Such assessments fail to fully account for the role of land degradation, biodiversity decline and pesticide impacts of intensive agriculture.

Consider biodiversity, for example. The variety of life on Earth is an incredibly important factor in the health and resilience of ecosystems. But worldwide, it is in decline – insect and bird populations are being decimated, something that has been repeatedly linked to the damaging practices of intensive farming. Organically managed land, however, has been shown to support biodiversity levels around 30 per cent higher than conventionally farmed fields.

It might be argued that the land saved through conventional farming could be reserved for biodiversity and CO₂ absorption. But the relationship between agricultural intensification and reduced deforestation is unclear. In Brazil, for example, agricultural intensification has coincided with more deforestation.

Widespread use of pesticides is also a concern – between 1990 and 2015, global pesticide use has increased more than 70 per cent. Pesticide residues can be harmful to land and aquatic ecosystems, as well as our health. The avoidance of synthetic pesticides in organic farming, and the overall much lower levels of pesticide use in general, is a factor that is often overlooked in LCAs. In the 34 studies comparing organic with conventional agriculture that we reviewed, only nine looked at pesticide-related impacts.
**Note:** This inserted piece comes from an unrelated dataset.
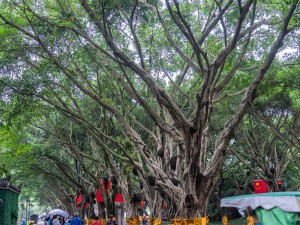 榕树叶子发黑怎么办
The debate around the environmental impact of organic farming has become too simplistic and narrow. Our review, published in Nature Sustainability, shows that organic farming’s strengths and environmental benefits are often overlooked by the current research, and simply claiming that organic farming is worse for the environment is misleading.

The current use of LCAs needs to be improved and integrated with other environmental assessment tools. Only then will consumers get a more balanced picture.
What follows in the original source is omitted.